It’s not his job to save us from bad legislation.
It’s his job to save us from unconstitutional legislation.
Even though the IRS was commandeered to collect the PENALTY, the law was not structured as a tax, the parliamentary procedures did not treat it as a tax, the lower courts did not determine standing on its status as a tax, and therefore it is not a tax.
Another illuminating paragraph from Epstein’s article:
By [Roberts’s] account, every penalty could be treated as a tax.
That cannot suffice, however, as a matter of constitutional interpretation. So long as Congress has only limited powers of taxation, no one should be allowed to use verbal legerdemain to expand those powers by calling a penalty a tax. Here, the so-called indicia of a tax intended to run the distinction don’t quite do the job. The size of the payment cannot be dispositive, for if so, then someone has to find the point at which the constitutional tax becomes an unconstitutional penalty. There are also all sorts of strict liability offenses covered by penalties. Nor should Congress have the power to determine the constitutionality of its own legislation by altering the mechanism for its collection. And finally, all penalties raise revenues, leaving this supposed ground of distinction worthless.
http://www.hoover.org/publications/defining-ideas/article/121426
it’s unconstitutional to tax people for NOT engaging in commerce. Wickard aside.
Here’s how they argued this: If you own a house, you can deduct your mortgage interest. If you rent, you can’t. All other things being equal, if you choose not to by a house with a mortgage, your taxes are higher.
If you choose not to buy health insurance, your taxes are higher.
What if the GOP had written a law to do X, and SCOTUS rules it unconstitutional because you can kinda sorta read it as Y?
Would we be OK with that?
I think not.
It’s gibberish and needs to be rewritten.
The correct response would be a big red LERN 2 RITE !!!11!! stamp and send it back to Congress.
But that would mean ceding power.
All other things being equal, if you choose not to by a house with a mortgage, your taxes are higher.
All other things are not equal. The tax law is so convoluted it’s difficult to sort out taxes levied from tax breaks.
Yeah, I wondered about that myself, but there’s a difference between looking at the real-world effects of something and how the law that initiated the moneychanging was crafted in the first place, thus to be approved by the electorate.
Obamacare doesn’t say that everyone’s taxes are hereby raised by $X, unless you purchase an approved insurance policy, in which case the $X is waived.
It says that unless you purchase an approved policy, you have to pay a fine.
Unless we’re all getting tax breaks for not speeding.
By [Roberts’s] account, every penalty could be treated as a tax
and
He goes on to say that they just haven’t found it to do that recently.
Well, nobody’s encouraged Congress to exercise it taxing power recently, have they?
At least not before last Thursday.
It says that unless you purchase an approved policy, you have to pay a fine.
Unless we’re all getting tax breaks for not speeding.
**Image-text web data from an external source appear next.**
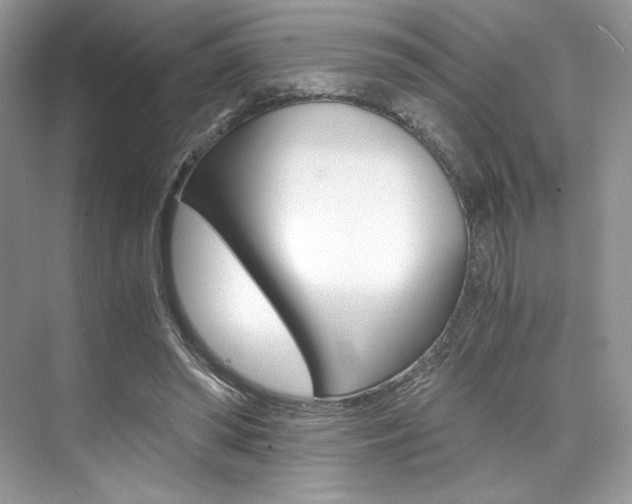 X0000073900398200608110941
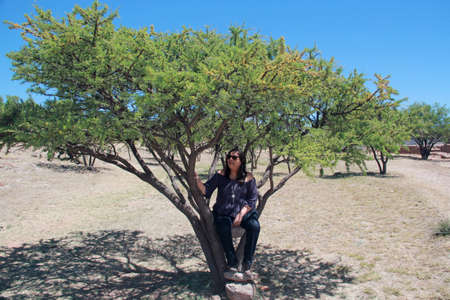 Latin adult woman with sunglasses sitting on a tree looks her pensive and relaxed face among the branches calm, happy and in harmonyの写真素材
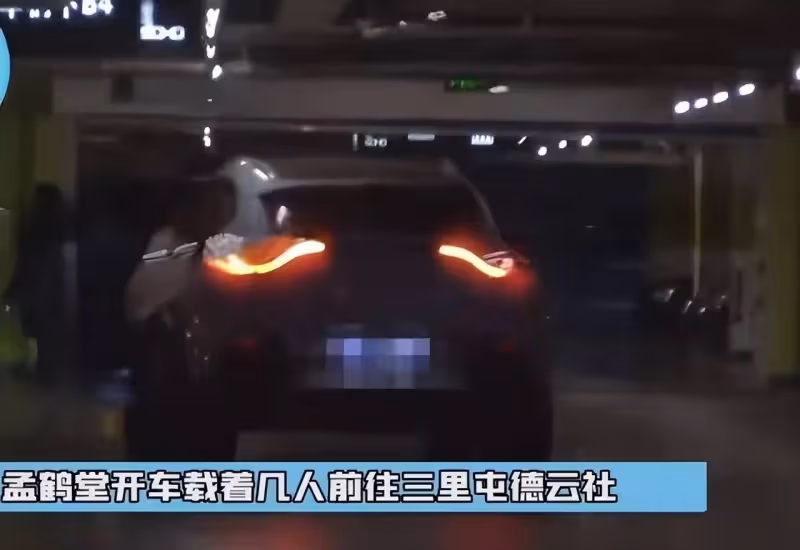 同居試婚？曝何九華搬進王鷗5000萬豪宅，孟鶴堂親自開車負責接送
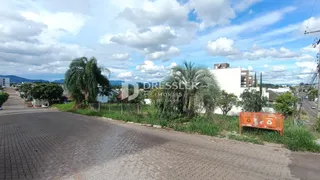 Vista da rua com vegetação ao lado de uma propriedade em Lajeado.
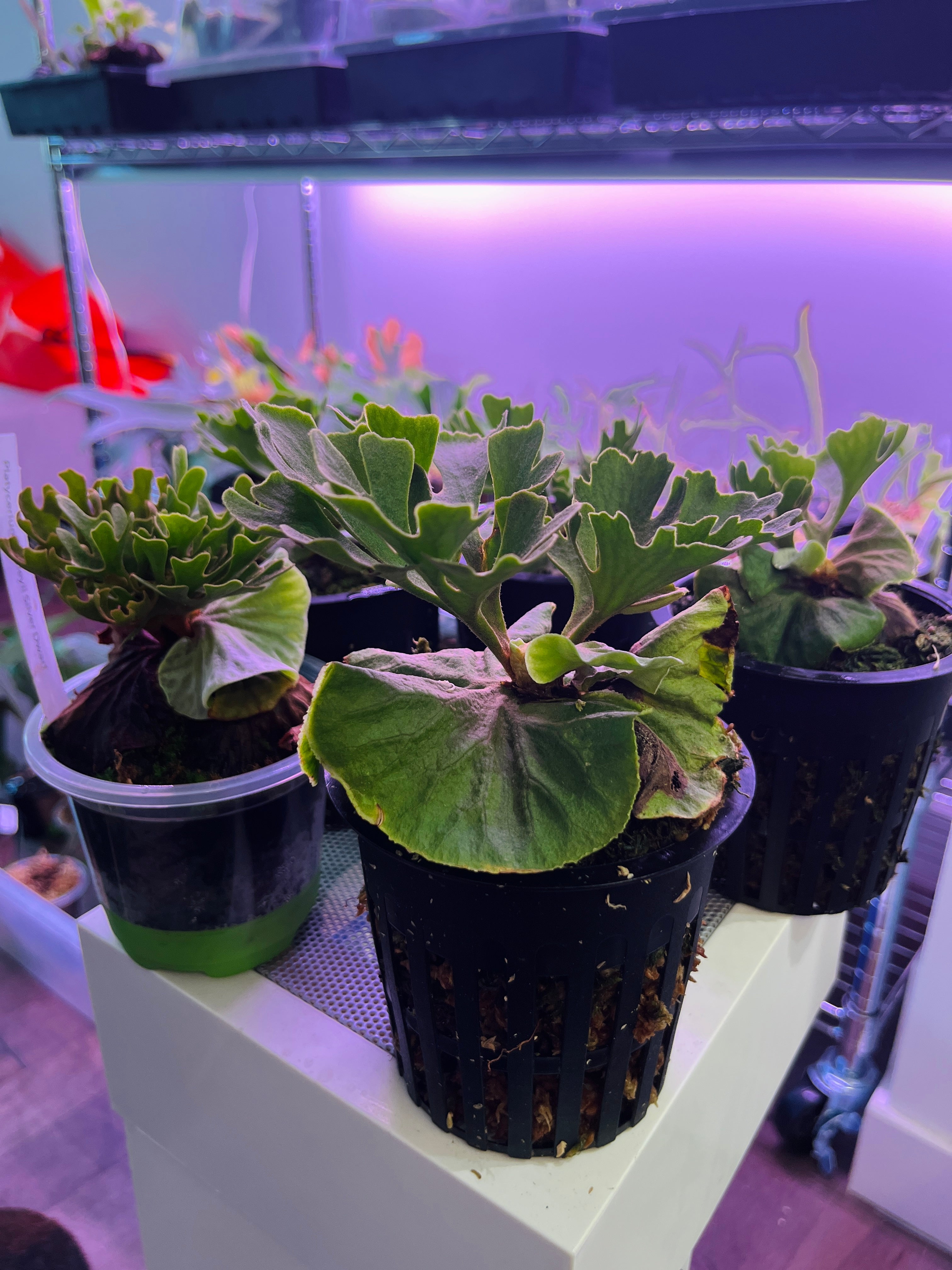 Dwarf Silver Ridleyi – Platy & Co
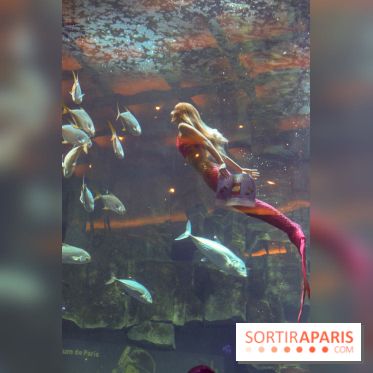 Les 60 ans de LEGO® à l'Aquarium de Paris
They looked at that too. Is it a crime to not buy health insurance?
Nope, so it’s not a fine.
The larger point is that the Congress wrote the law to be one thing. And the Chief Justice rewrote the law to be something else in order to bring it into Constitutional compliance, and you’re pretty much okay with that.
I find your lack of faith in the Court lacking. And in this case that’s a bit disturbing.
There is an obvious distinction (obvious to anyone not playing semantic games) between a tax credit and a tax. All examples put forth (mortgage deduction, child tax credit) are examples of people being given credits for engaging in behavior. There is no example of a person being taxed more for not engaging in a certain behavior. The renter is being penalized only insofar as he is not able to claim the same credit as the homeowner; however, he is not paying additional taxes on top of his income tax by being a renter (or not a homeowner).
Long story short, this sucker is unconstitutional no matter how you cut. That Roberts played word games with the legislation is in a way worse than if he had just relied on the commerce clause.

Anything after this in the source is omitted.